Strings in Fancy

ckruse

unread,

Jun 15, 2010, 5:47:51 AM6/15/10

to The Fancy Programming Language

Hi there,

did you think about string encodings in fancy? Did you think about
source code encodings?

I think it's important to define things like that in the early
development stage to avoid backward incompatible changes and to
provide fully transparent support for string encodings.

A look at your source code for strings (string.cc, string.fnc,
bootstrap/string.cc) tells me that there is no encoding support yet.
What do you think about defining the input encoding for source files
as UTF-8 (the most common Unicode encoding) and adding some more or
less basic encoding support for strings? We also have to add some
support for IO routines, don't we?

Greetings,
CK

Christopher Bertels

unread,

Jun 15, 2010, 7:53:09 AM6/15/10

to fancy-lang

Hi,

Excerpts from ckruse's message of Di Jun 15 11:47:51 +0200 2010:

> did you think about string encodings in fancy?
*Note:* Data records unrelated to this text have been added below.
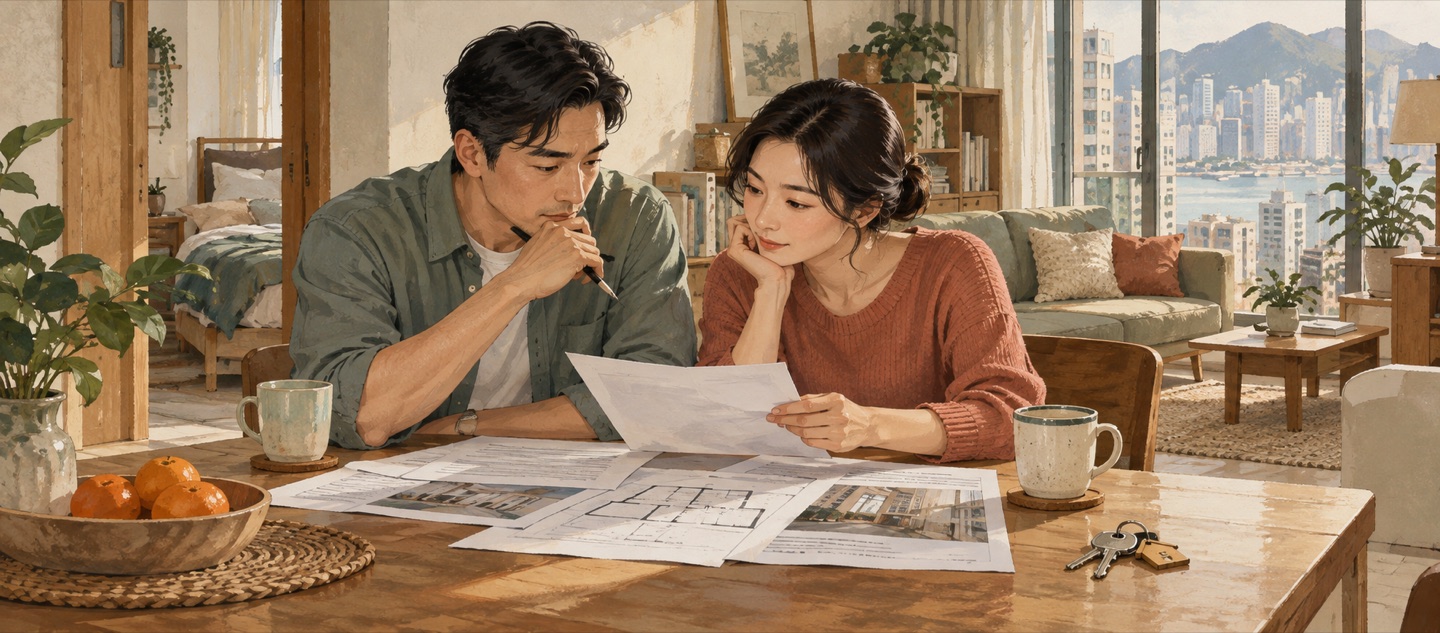 香港租住房間內的租約、鎖匙和每月支出記錄，呈現租屋預算情境。
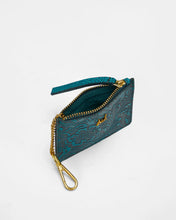Loyal West Sophia Credit Card Holder In Hand Finished Embossed Leather in Turquoise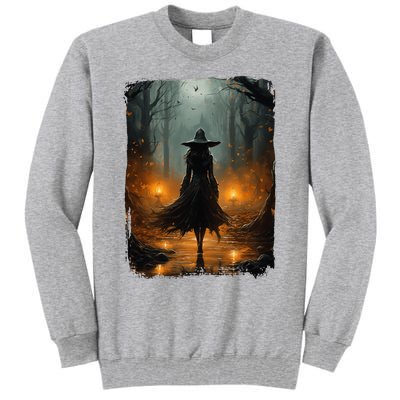 Mystical Witch Walking The Forest Halloween Gothic Painting Tall Sweatshirt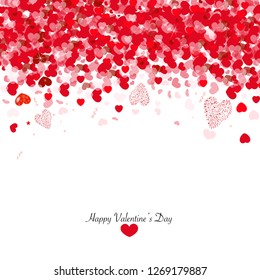 Shiny hearts and light Valentine's day background. Hearts and confetti. Happy Valentine's Day greeting card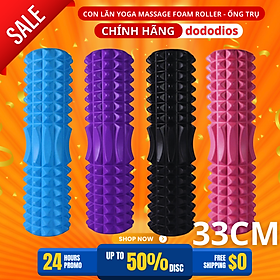 [Loại Siêu Dài 45cm] Con Lăn Yoga Massage Foam Roller - Ống Trụ Lăn Xốp Tập Thể Thao Giãn Cơ Gai Nhọn - Hãng dododios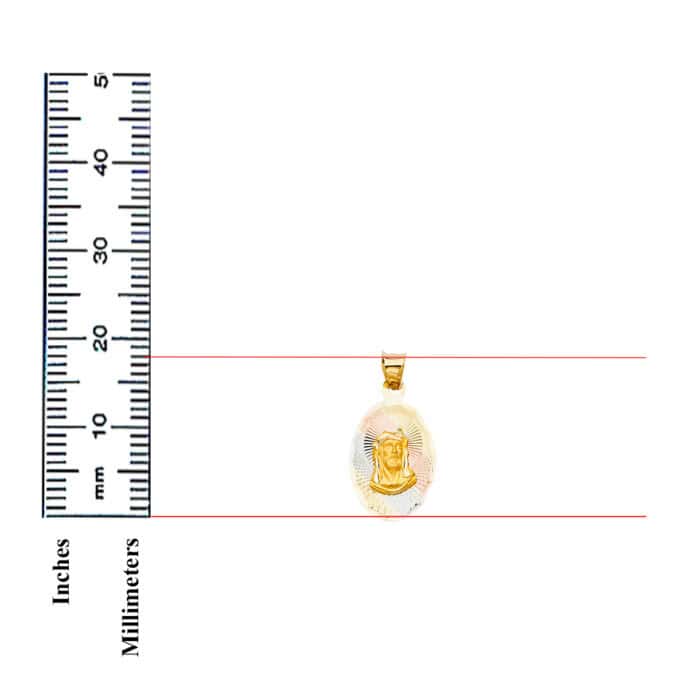 14K Tri Color Gold Religious Jesus Stamp Pendant - Image 3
Did you think about
> source code encodings?

Yes, I have thought about it but haven't implemented it in code yet.

> I think it's important to define things like that in the early
> development stage to avoid backward incompatible changes and to
> provide fully transparent support for string encodings.

Good point. I must admit, I haven't worked on string encoding stuff
before. Would you like to add support for different encodings for strings?

> A look at your source code for strings (string.cc, string.fnc,
> bootstrap/string.cc) tells me that there is no encoding support yet.
> What do you think about defining the input encoding for source files
> as UTF-8 (the most common Unicode encoding) and adding some more or
> less basic encoding support for strings? We also have to add some
> support for IO routines, don't we?

Yeah, UTF-8 sounds good. That's also what I would have suggested.
What exactly do you mean by "support for IO routines"?

Cheers,
Christopher.
--
================================
Christopher Bertels
http://www.fancy-lang.org
http://www.adztec-independent.de
GPG Key ID: 0x2345b203

Christian Kruse

unread,

Jun 15, 2010, 8:11:01 AM6/15/10

to fancy...@googlegroups.com

Hi,

Am 15.06.2010 um 13:53 schrieb Christopher Bertels:

> Excerpts from ckruse's message of Di Jun 15 11:47:51 +0200 2010:
>> did you think about string encodings in fancy? Did you think about
>> source code encodings?
>
> Yes, I have thought about it but haven't implemented it in code yet.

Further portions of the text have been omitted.